The idea came from my experience at larger companies, where Friday meetings were often canceled at the last minute by leadership, which threw your day and your mentality away. It felt inefficient and frustrating, so I decided to turn that script and simply eliminate the expectations of meetings completely.

We remain connected via Microsoft teams and Friday has become an organic day when people share weekly victories in our channels – which means that communication flows while they still honor deep working time.

Heather CurtisDirector of Sales and Marketing, Torm

Give employees aids to step out of meetings

No meeting policy and no meeting weeks should be a thing of the past thanks to AI.

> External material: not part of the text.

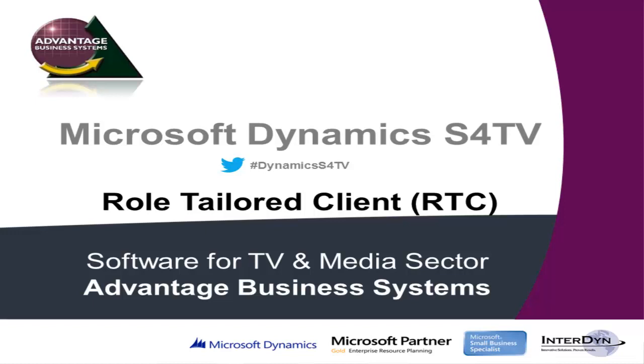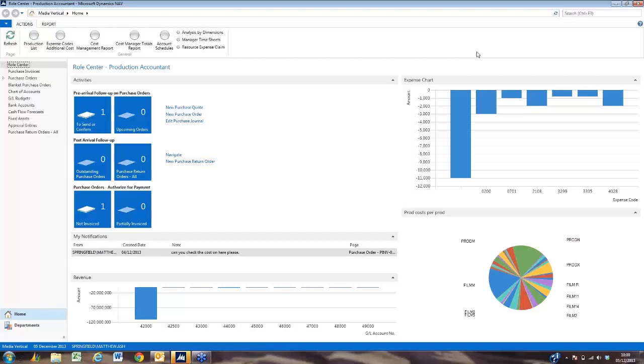This 4TV is built within Microsoft Dynamics NAV. Each user has their own user interface called the role-tailored client. This is configurable per user so that the menu options, functionality, and reports are pertinent to the user and their role within the organization.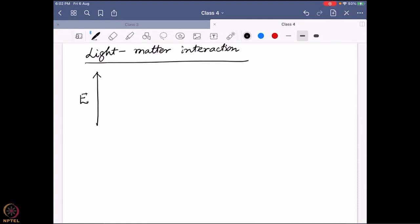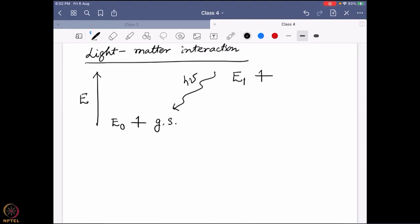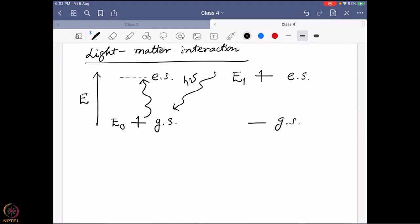The familiar picture: there is an electron in the ground state with energy E0. When I shine light on it, the electron goes to a higher excited state E1. We draw this as a vacant electronic state that the electron jumps into, leaving a vacant ground state.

Instead of an all-or-nothing approach that limits how people want to work, they give the tools to step out of meetings they can miss instead, while they still ensure that they get the information they need. It is all infinitely more possible today.

When teams implement an AI meeting Copilot, individuals naturally also attend 20% fewer meetings, while they still have access to the content via shared meeting reports and connected Enterprise search. Nobody even needs to revise more minutes for more minutes; You can easily request your knowledge base for the information you need and you will go through your day faster.

David ShimCo -founder and CEO, Read AI 

Anchor the week with written, public obligations

Growth requires speed and meetings delayed us. So we have implemented a complete policy for the non-enlarged for five consecutive working days. No regular standups, check-ins or even “fast” calls. We have structured it as a sprint, in which each participant has committed an important project for the week and sharing it in a weak thread on Monday morning.

The output in that week doubled compared to a typical week, as measured by the number of launched campaigns and functions delivered. It felt electric. By Friday, however, we realized that relationships had suffered somewhat; Informal cooperation and creative riffs were almost impossible to exist without real -time chats.

To guarantee long -term success, the week anchor the week with written, public obligations. At Beehiiv we need a Monday kick and a Friday summary. Without that a lack of meetings makes people just invisible, and invisibility kills faster than meetings ever.

Edward WhiteHead of growth, beige

Buy a buy-in from top to bottom

Shift has implemented more than a year deep work for the entire company on Wednesday. The key to a successful policy without a meeting is to first reach a real buy-in from top to bottom. It is often at leadership level where schedules are busy and meeting invitations are planned to just find the time when nobody has booked meetings.

Individual team members also look at the leadership of the company to assess how dedicated they should be to a new business policy or changes in their workflow. The long-term success of the no-meeting policy of a company depends on those who set the right tone at the top and set a good example.

Sabrina BanadaVP of marketing, Shift

Be intentional about meetings

Thinking meeting habits are not about cutting things out completely, but it’s about being intentional. I am relentless about attending only meetings with a clear agenda and goal. If something can be shared as ongoing communication, instead of a separate meeting, that should be. If I can enable someone to move forward without me, even better.

My advice? The good example. Defend your agenda, prioritize deep work and normalize the idea that being not in every meeting can actually be a sign of a strong, empowerment and trusted team, not a disconnected.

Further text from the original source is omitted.